For a while my dad was in bed a lot, and my mom told me I had to spend my after-school time with Mrs. Douglas, who lived upstairs. Mrs. Douglas claimed to have once been a third-grade teacher, but I found that hard to believe because she had no idea what to do with children. After a lot of trial and error, we eventually fell into a routine. The routine went like this: graham crackers, Jeopardy! and my knitting kit.

She found the kit in one of her overstuffed closets, and when I saw the color of the yarn snarled inside, I was over the moon. Knitting was not easy, and Mrs. Douglas was not particularly patient, but after three weeks I had a vaguely scarflike creation.

I managed to wait an extra two weeks until his birthday, and when I gave him the present, I was so excited I had to tear the paper off with him. As soon as he held it up, I told him, “It’s to keep your neck warm! That way you won’t get sick anymore and I won’t have to go to Mrs. Douglas’s apartment!” He was quiet for a long time after that. I knew I’d gotten it wrong, but I didn’t know how.

I DON’T THINK I SLEPT more than two hours. Every time I closed my eyes, the water was rising up to meet me and I struggled to surface, my body on fire with adrenaline.
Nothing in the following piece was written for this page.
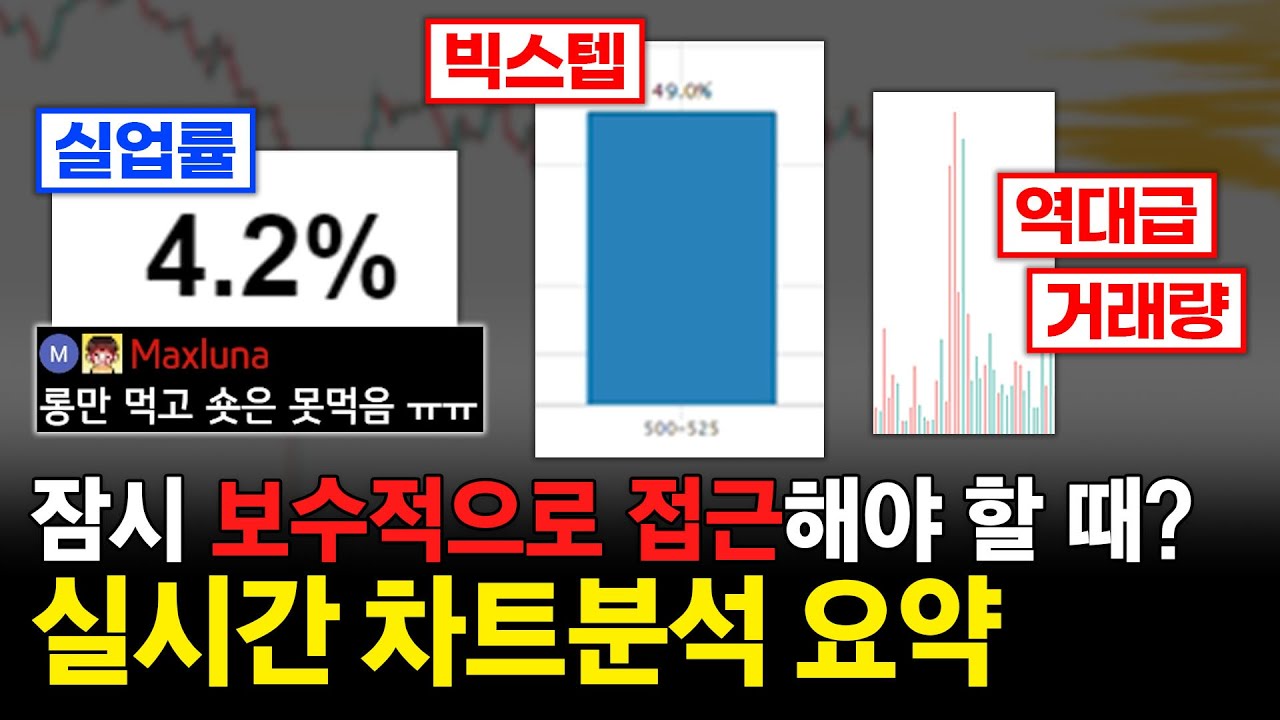 ⁣비트코인 역대급 거래량 터졌는데 매물대가 없다면 | 실업률 금리 매물대 다이버전스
Eventually, I gave up on sleeping and stared up at the dark ceiling, my mind whirring.

My mom once told me that it’s difficult for kids to recognize their parents as anything but supporting cast members in their own feature films, and here it was true. I’d been so wrapped up in my own story with my father that I hadn’t stopped to think about what his story was. So many things were clicking into place—everything from my dad’s constant service to his neighbors on the island (Had he been trying to make amends for the people his father had hurt?) to why he’d left Santorini so abruptly in the first place.

But for every aha moment, there was a WTF as well. Because if my dad knew what it was like to have a parent leave, how could he possibly have turned around and done it to me? And if Santorini had been terrible enough for him to flee, what had convinced him to come back when he did?

A nagging feeling pulled at me. His story explained why he loved Atlantis so much, but it didn’t explain why he’d built and then abandoned a family on an entirely different continent.

His pre-filming words came back to me. I will tell you the beginning. The beginning wasn’t all of it. The beginning was just… the beginning. My dad’s childhood wasn’t the whole story. I was almost positive of it.

I called my mom again, but her phone went straight to voicemail, so I left her a vague message. Mom, I have something important to tell you; call me back. But what I really had were questions. Something was still buried.

 

* * *

 


Theo stumbled down from his bunk around six a.m. and patted my face clumsily before heading to the cave. We both got ready in silence before my dad and Ana showed up soon afterward, packed and ready, followed by a puffy-eyed Geoffrey, who had spent the night arguing via phone with Mathilde. Emotionally distressed or not, he would man the store single-handedly today.

While Ana set Geoffrey up for the day, Theo went to beg for coffee from Maria’s, leaving my dad and me alone up on the roof, a pile of bags at our feet. After last night’s filming, I hadn’t known what to say and he hadn’t seemed to either, and now it all sat in a heap between us.

“Indiana Olive’s day has finally come,” he said, breaking into a smile. According to his face, he’d gotten roughly the same amount of sleep I had.

“Dad, about last night…,” I started, and he put a reassuring hand on my shoulder.